::: Collected data

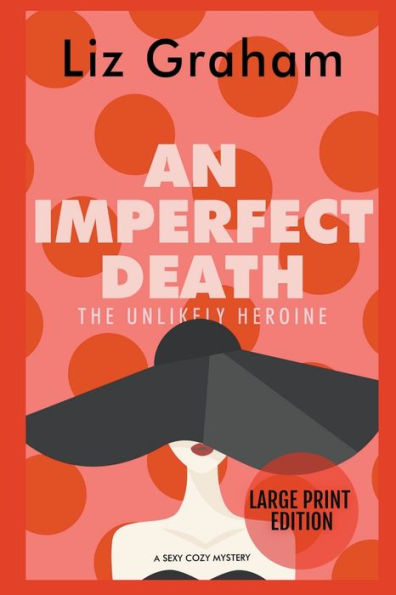 An Imperfect Death: Large Print (The Unlikely Heroine)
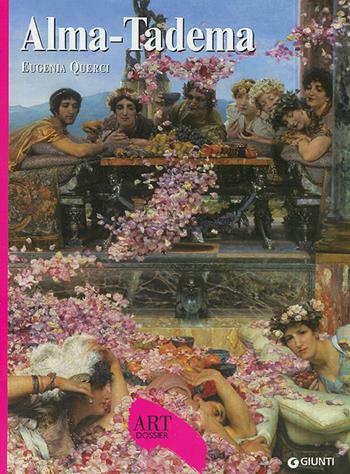 Alma-Tadema. Ediz. illustrata - Eugenia Querci - Libro Giunti Editore 2008, Dossier d'art | Libraccio.it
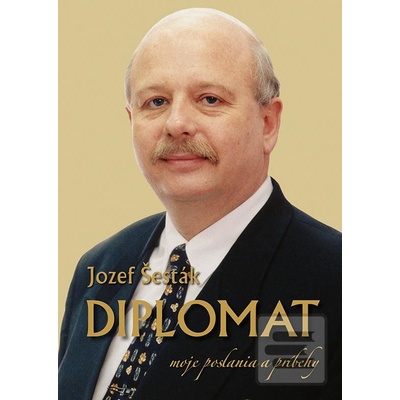 Diplomat - Jozef Šesták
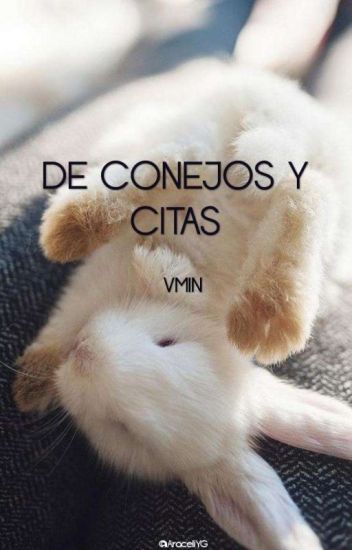 ❥•de Conejos Y Citas〔vmin〕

::::::

What is being asked:
Leaving out only the pictures, reproduce the listing exactly.

Written answer:
 An Imperfect Death: Large Print (The Unlikely Heroine)
 Alma-Tadema. Ediz. illustrata - Eugenia Querci - Libro Giunti Editore 2008, Dossier d'art | Libraccio.it
 Diplomat - Jozef Šesták
 ❥•de Conejos Y Citas〔vmin〕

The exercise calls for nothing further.